Gaps have been increasingly obvious in the effort to spray homes and businesses for the Aedes aegypti mosquito, which has infected thousands of Cubans with the dengue virus and dozens with chikungunya, a disease that causes fever and severe joint pain. Cubans frequently claim allergies or asthma to put off fumigation crews composed of public health workers and teenagers completing obligatory military service. Unwilling to force homeowners to let them in, the crews often mark the residence as fumigated and move on to the next house or apartment.
Those days appear to be ending as troops deployed across the country with hand-held foggers are now armed with the threat of fines for anyone who resists fumigation.
“Cuba has a series of advantages: It’s an island, it has a homogenous population and a health infrastructure that generally reaches every street corner,” said Jaime Torres, director of tropical medicine at the Central University of Venezuela. “And its political system allows it to take measures, including imposing punishments, that are harder to impose in other places.”

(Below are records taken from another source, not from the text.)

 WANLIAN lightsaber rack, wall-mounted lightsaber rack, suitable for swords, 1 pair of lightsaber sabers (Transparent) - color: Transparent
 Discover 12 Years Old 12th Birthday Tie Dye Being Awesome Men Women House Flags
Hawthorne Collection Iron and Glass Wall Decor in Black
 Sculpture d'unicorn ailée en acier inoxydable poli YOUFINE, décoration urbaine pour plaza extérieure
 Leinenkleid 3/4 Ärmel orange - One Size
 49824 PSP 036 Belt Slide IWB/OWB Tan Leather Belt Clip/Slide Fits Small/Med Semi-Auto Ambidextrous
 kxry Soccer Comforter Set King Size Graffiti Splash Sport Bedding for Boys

Soldiers carrying a fumigating machine leave a home after spraying for mosquitos in Havana, Cuba,
In Cuba’s airports and cruise ship terminals, crews of white-clad doctors are monitoring incoming travelers for high temperatures or other signs of illness. Medical officials said the fight against Zika had taken on increasing urgency as Cuba’s hot, humid spring and summer draw near.

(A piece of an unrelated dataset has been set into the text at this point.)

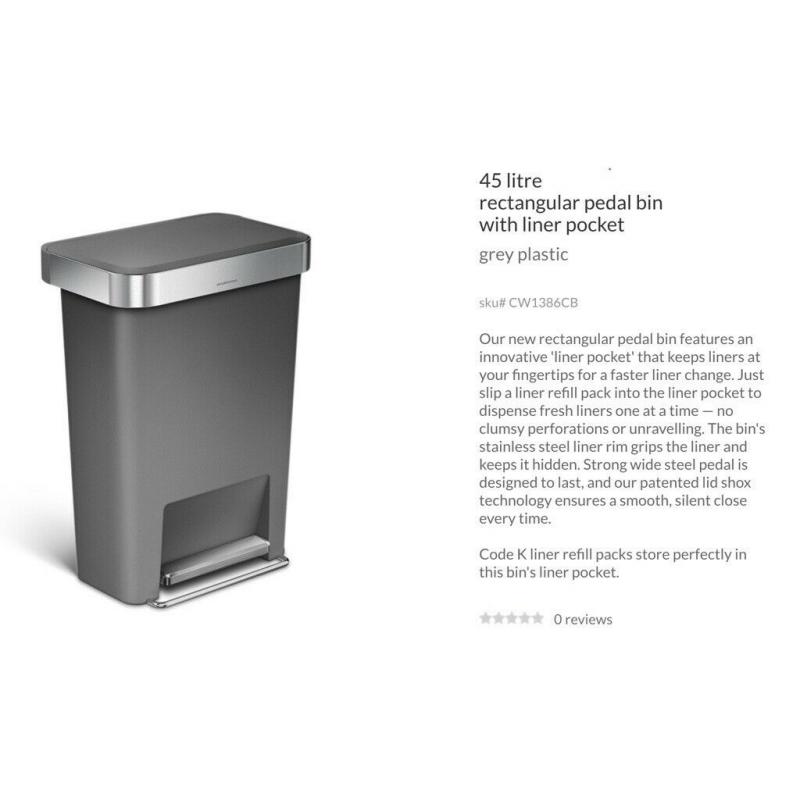 Nearly new Simple Human 45l grey pedal bin with liners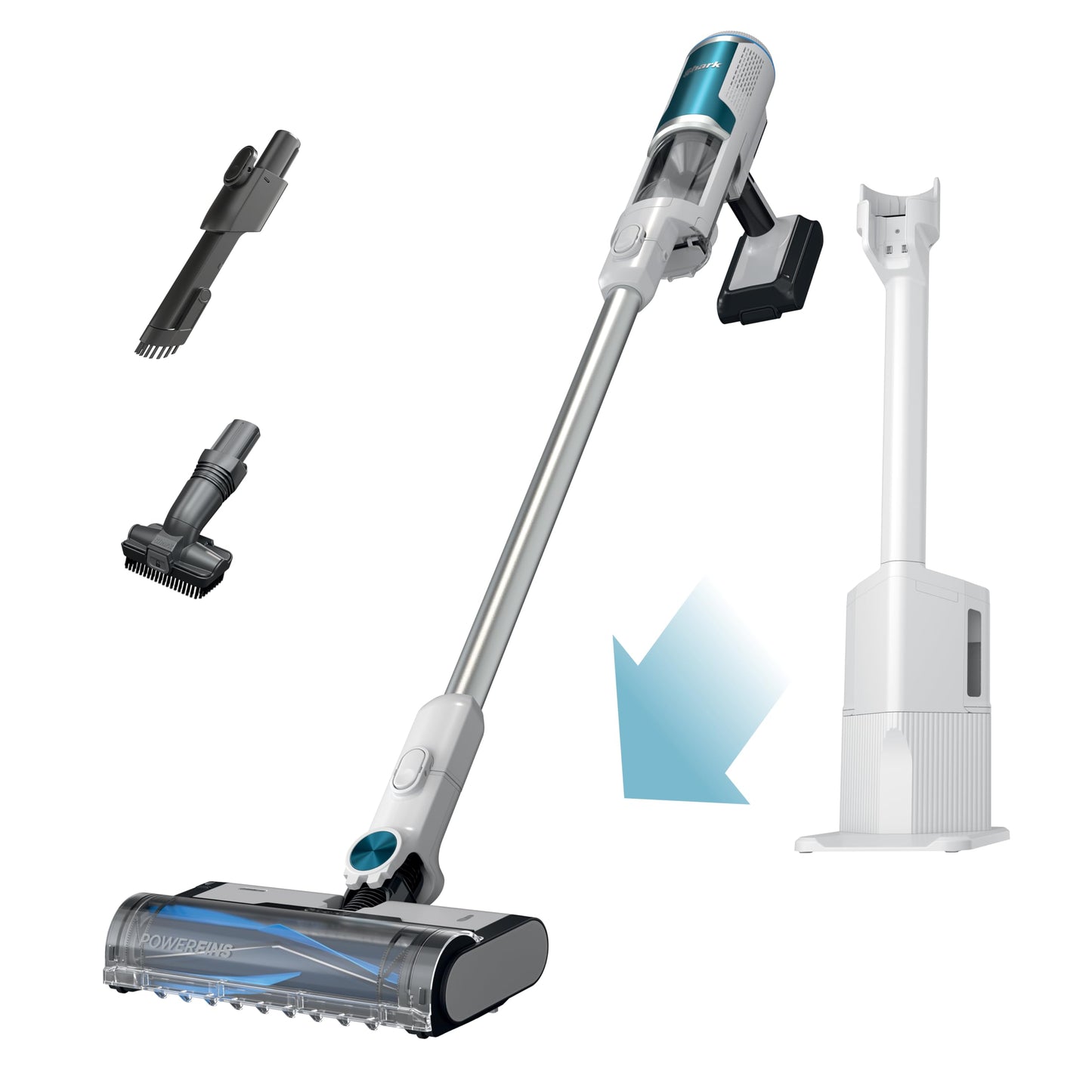 Shark | Pet Cordless Vacuum Cleaner | LED Headlights | Removable Handheld Vacuum for Pet Hair | Crevice Tool & Pet Multi-Tool Included | 40min Runtime | For Carpet & Hard Floors | Grey | IX141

“The objective is to diminish the adult mosquito population ahead of the coming critical months,” said Reinaldo Garcia, head of anti-mosquito efforts for a neighborhood health clinic in Havana.
As soldiers fumigated Wednesday, medical students were knocking on doors alerting homeowners to watch for symptoms such as fever and conjunctivitis. State-run television and radio featured a constant stream of educational messages about Zika, which has been linked to the birth defect microcephaly.
“Although there is no sign of that disease, we want to eliminate the transmitter, eliminate the chain, so if it enters the country there is no way to transmit it,” Dr. Osvaldo Mendoza of the Public Health Ministry said as he supervised a crew of military fumigators.
Medical workers were ready to move into any area where a possible Zika case is detected, quarantining and testing anyone who lives within 500 meters, said public health official Dr. Lorenzo Somarriba.
“Everyone’s talking about it,” said Suset Valdes, a 19-year-old Havana resident who is six months pregnant. She said pregnant women in her maternity ward were protecting themselves with repellent-soaked mosquito nets.
Carlos Espinal, director of the global health program at Florida International University in Miami, said that while it was virtually certain that Zika would arrive in Cuba, he was hopeful the island’s health system would prevent the virus spreading as it has elsewhere in Latin America. “It’s inevitable, but the Cuban disease-monitoring system is sure to greatly mitigate the negative impact in the community,” he said.
Valdes’ mother, Dolores Hernandez, 51, said she felt better with her daughter off the streets of their Old Havana neighborhood, where garbage had been piling up for weeks or months without any government reaction. “It’s horrible how people threw trash in Old Havana,” she said. But now “they’re picking it up, running around, unclogging their drains. Now, they’re really getting going.”